Run time should be 87-90 mins with titles and credits. Kids films can't go much beyond that. Although most parents I know wish kids movies where five hours long on DVD :D

I ran two cameras on almost every scene though because I had tons of action to cover. You could probably get by with one camera and that will keep your film stock down.

R,


Actually, like you, due to our relatively short schedule, we were planning on running 2 cameras on a lot of the action sequences , possibly 3 since we have them. Our shoot is budgeted for 28 days, 4 of which are rain days, so it's really close to yours, the difference being ours shoots mostly at night in the deserts of New Mexico, so I may have to re-budget for 150K or even 160K. I'm just hoping we won't have to go as high as 200K. We DO have a contingency budgeted, but I want to try and not dig into that if at all possible. At this point it's still a bit academic, we're searching for funding. HOWEVER, it's been less than a month. and we've have gotten some real good feedback and there are a still a lot of people we haven't heard back from yet, so I don't want to short ourselves on any of the essentials especially is someone says yes.
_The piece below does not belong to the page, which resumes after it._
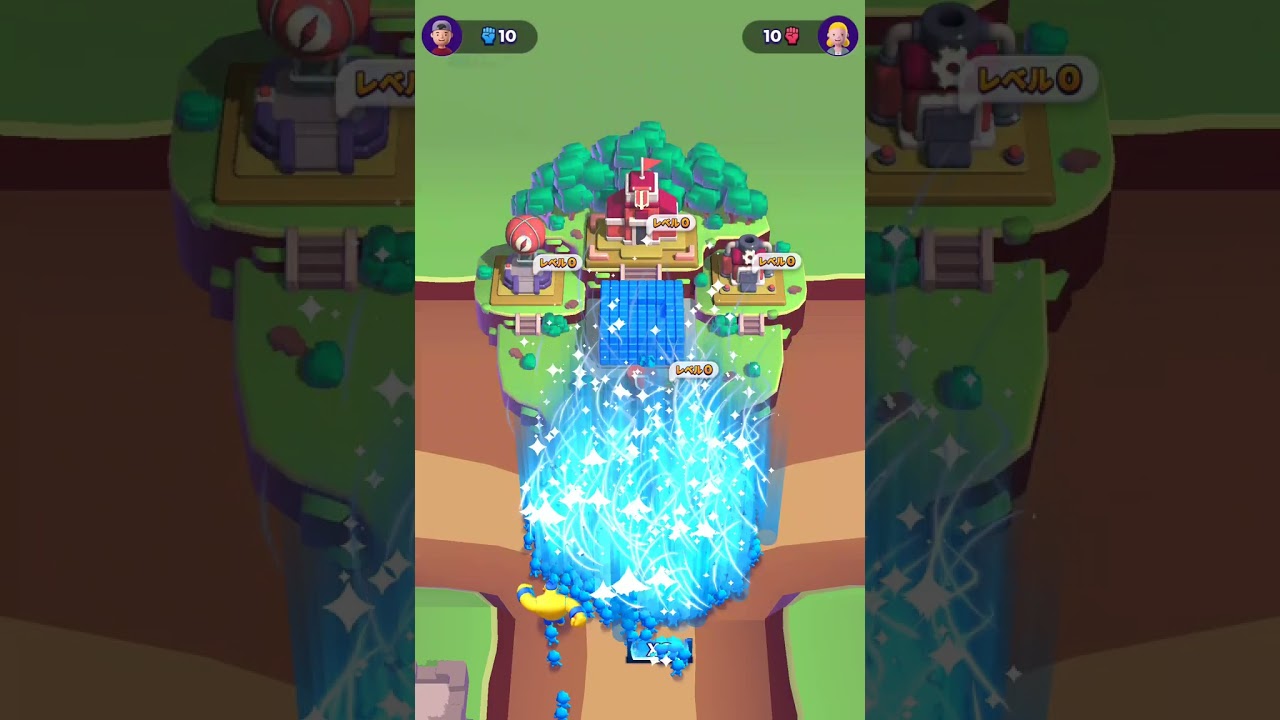 なんか たまに見たことある ゲーム笑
One thing, I DO plan on using a lot more wide angle 2, 3 shots and masters than what I imagine a comedy like yours used so maybe I won't need as much coverage as you have. 1000 set ups seems a bit excessive to me, though I can see why a comedy would use that many especially if you used a lot of quick cuts. But that means you averaged 50 set ups a day which would be around 7 to 8 set ups an hour over a the 7 working hours of an 8 hour day. THAT averages out to be 1 set up every 8 minutes more or less. Once we do the script breakdown, story boards and scheduling, I should have a better idea of just how many set ups we'll need.

I DO agree with you emphatically that getting the right people is essential to having a smooth running set. Once the cash is in place, I fully intend to surround myself with brilliance (obviously to make up for the lack of mine :rolleyes: ).